As with every entry, Rune Factory 5 begins with an amnesiac protagonist. You initially know who you are and what you’re capable of as the game begins. However when coming to the rescue of Hina, one of Rigbarth’s children, you lose your memory. You’re brought to town, tested to make sure you possess no ill intent, and are inducted into Seed. (Not the FFVIII mercenary group, but also it is a group of folks who declare themselves protectors and errand-people for people.) You take on requests from the bulletin board or people you meet. You manage the small bit of farmland behind headquarters, where you also live. You sometimes visit different nearby locations and fight monsters. It’s typical fare for the series. But given your role as a Seed member, you feel like a person in charge in town. People are relying on you the same way they did the prince/princess in Rune Factory 4.
Perhaps because it is following in the same sorts of footsteps, getting started is fairly easy. The initial tutorials are quite hands-on. You’re given a hoe, turnip seeds, and a watering can, so you can start growing. This provides income and access to runes to boost your RP. You’ll always have one farming tool and one weapon actively equipped, with the left and right buttons on the d-pad letting you switch between them. Swapping what you’re using (or carrying) can be done with a tap of the L button. But if you want to sift through the bag for things, you can too. Pressing a button repeatedly in front of an area where an action can be repeated means, well, you repeat it. So if there are 8 unplowed plots of land, you equip the hoe, and you keep tapping, you’ll automatically move forward tilling the soil. The same goes for planting and watering. Like Rune Factory 4, your farmland is in town, connected to a major facility and your place of business, and you start out with a small, manageable plot.
Another early task involves meeting many of the notable residents around town. This also means seeing important shops like the blacksmith and general store when you do. While running directly to each point of interest is an option, fast travel is immediately available. There are certain spots on the map which you can instantly teleport to. (The one right outside your home/office is the most handy early on.) And those you don’t meet on this morning run. Well. The game helps make sure you meet a few other townsfolk on its other early billboard quest. Things are clearly labeled.
From there, it gets into another gameplay element pulled from Rune Factory 4. In the previous game, you could use your royal Princess/Princess Points to enact Orders. This would lead to things like Festivals. Well, in the main office, you’ll speak with “Eliza” to enact Initiatives. You’ll again earn points for actions, which you then can put toward festivals for the town. The early options all cost 1,000, and involve things like cooking, crops, and minigames.

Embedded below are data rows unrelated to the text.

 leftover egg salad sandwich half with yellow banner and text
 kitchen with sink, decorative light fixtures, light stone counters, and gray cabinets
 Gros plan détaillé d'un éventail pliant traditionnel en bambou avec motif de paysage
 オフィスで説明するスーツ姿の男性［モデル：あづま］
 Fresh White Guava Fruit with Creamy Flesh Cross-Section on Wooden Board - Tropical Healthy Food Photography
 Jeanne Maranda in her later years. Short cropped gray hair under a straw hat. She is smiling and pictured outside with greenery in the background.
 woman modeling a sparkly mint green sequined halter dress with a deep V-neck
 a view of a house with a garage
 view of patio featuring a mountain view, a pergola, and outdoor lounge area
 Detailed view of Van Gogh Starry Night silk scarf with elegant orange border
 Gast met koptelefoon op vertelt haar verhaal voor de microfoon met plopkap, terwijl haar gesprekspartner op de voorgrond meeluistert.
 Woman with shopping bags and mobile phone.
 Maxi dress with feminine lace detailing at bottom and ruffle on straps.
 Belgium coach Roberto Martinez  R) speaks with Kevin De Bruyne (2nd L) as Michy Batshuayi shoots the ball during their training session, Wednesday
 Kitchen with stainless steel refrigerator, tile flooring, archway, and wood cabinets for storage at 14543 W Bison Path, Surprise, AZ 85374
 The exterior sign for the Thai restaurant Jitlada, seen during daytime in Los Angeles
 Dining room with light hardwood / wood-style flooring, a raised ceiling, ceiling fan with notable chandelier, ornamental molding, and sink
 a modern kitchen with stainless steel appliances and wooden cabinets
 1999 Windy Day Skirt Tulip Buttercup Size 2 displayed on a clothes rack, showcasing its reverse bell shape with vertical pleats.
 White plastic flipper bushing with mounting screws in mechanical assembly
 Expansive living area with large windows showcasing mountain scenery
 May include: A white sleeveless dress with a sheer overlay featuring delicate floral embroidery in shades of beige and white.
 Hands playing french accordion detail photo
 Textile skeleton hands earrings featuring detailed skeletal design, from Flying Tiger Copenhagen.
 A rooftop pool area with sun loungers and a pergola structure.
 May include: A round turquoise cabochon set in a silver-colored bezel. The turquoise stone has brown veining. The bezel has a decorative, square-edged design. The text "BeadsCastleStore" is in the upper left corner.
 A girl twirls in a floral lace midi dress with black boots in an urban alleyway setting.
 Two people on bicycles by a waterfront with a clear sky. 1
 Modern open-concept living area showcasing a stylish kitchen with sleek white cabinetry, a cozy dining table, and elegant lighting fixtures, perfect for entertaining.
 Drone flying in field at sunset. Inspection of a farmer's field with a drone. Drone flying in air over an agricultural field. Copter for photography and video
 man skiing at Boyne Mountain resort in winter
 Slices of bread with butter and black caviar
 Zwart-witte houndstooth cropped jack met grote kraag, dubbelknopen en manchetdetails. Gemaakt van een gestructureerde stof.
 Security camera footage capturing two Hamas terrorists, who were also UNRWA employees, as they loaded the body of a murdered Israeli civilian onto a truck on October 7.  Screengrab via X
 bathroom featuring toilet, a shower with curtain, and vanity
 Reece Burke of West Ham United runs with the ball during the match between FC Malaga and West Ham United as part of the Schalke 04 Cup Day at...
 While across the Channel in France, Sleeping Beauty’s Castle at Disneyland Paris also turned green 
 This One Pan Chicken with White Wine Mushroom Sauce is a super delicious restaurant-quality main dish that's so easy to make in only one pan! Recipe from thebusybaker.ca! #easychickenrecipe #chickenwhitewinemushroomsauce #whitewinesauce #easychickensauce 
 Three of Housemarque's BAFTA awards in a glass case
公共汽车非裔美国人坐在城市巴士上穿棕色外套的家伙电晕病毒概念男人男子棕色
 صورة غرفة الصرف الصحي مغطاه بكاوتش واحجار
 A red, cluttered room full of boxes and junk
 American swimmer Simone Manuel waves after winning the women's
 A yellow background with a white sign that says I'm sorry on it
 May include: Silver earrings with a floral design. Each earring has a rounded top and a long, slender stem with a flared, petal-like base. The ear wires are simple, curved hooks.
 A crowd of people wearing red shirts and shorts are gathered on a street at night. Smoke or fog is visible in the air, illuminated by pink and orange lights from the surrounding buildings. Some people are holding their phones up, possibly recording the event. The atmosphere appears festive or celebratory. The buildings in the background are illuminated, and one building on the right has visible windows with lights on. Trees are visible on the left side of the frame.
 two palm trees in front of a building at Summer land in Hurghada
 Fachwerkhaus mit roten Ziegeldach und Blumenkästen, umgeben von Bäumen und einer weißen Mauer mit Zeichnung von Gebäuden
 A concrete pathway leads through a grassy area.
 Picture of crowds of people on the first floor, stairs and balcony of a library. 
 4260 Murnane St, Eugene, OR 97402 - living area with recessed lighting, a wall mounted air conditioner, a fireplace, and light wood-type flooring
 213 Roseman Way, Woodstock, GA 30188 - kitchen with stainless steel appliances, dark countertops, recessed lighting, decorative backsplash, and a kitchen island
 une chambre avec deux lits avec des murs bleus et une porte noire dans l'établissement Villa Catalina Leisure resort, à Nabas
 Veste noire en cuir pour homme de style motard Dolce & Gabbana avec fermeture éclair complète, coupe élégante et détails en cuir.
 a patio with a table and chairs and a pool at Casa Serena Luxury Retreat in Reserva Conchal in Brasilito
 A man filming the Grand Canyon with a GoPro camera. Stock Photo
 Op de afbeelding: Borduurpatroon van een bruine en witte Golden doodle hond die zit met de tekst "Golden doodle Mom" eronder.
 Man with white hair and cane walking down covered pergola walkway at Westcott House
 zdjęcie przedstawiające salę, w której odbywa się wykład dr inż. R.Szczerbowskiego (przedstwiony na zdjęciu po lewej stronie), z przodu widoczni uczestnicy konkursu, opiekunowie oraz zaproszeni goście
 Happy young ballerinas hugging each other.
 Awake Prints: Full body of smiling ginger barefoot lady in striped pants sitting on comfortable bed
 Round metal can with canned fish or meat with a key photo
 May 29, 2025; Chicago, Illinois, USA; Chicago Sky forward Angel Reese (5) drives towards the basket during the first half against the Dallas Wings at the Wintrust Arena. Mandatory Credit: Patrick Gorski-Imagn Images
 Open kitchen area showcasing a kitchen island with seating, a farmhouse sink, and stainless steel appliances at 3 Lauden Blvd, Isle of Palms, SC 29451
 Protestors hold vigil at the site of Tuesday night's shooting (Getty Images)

As for the last part of the tutorial, it gets into the battling itself. Yes, within the first two hours of Rune Factory 5, you’ll head into your first dungeon. Which will look familiar, as its the area in which the game begins. The girl you rescued’s mother was with her and didn’t return from the trip. Her brother Murakumo and Hina essentially task you with finding her. This means heading back into the woods. And again, things feel a lot like Rune Factory 4. The difference is perspective, since this is a 3D, third-person affair. You’ll happen upon an area. It will likely feature a gate that spawns monsters. In some situations, you’ll be trapped in that spot until you beat them all. The foes you defeat might drop important resources, like cloth or fur. As you go through, you’ll eventually happen upon a major boss. Of course, save points appear at the entrance and ahead of that major fight.
And from there, well, things obviously open up more. After two hours with Rune Factory 5, its easy to see the development team heavily drew from what Rune Factory 4 gameplay worked. It also focuses a lot on learning by doing. Which means that from the start, people familiar with the formula could be getting back to their routine.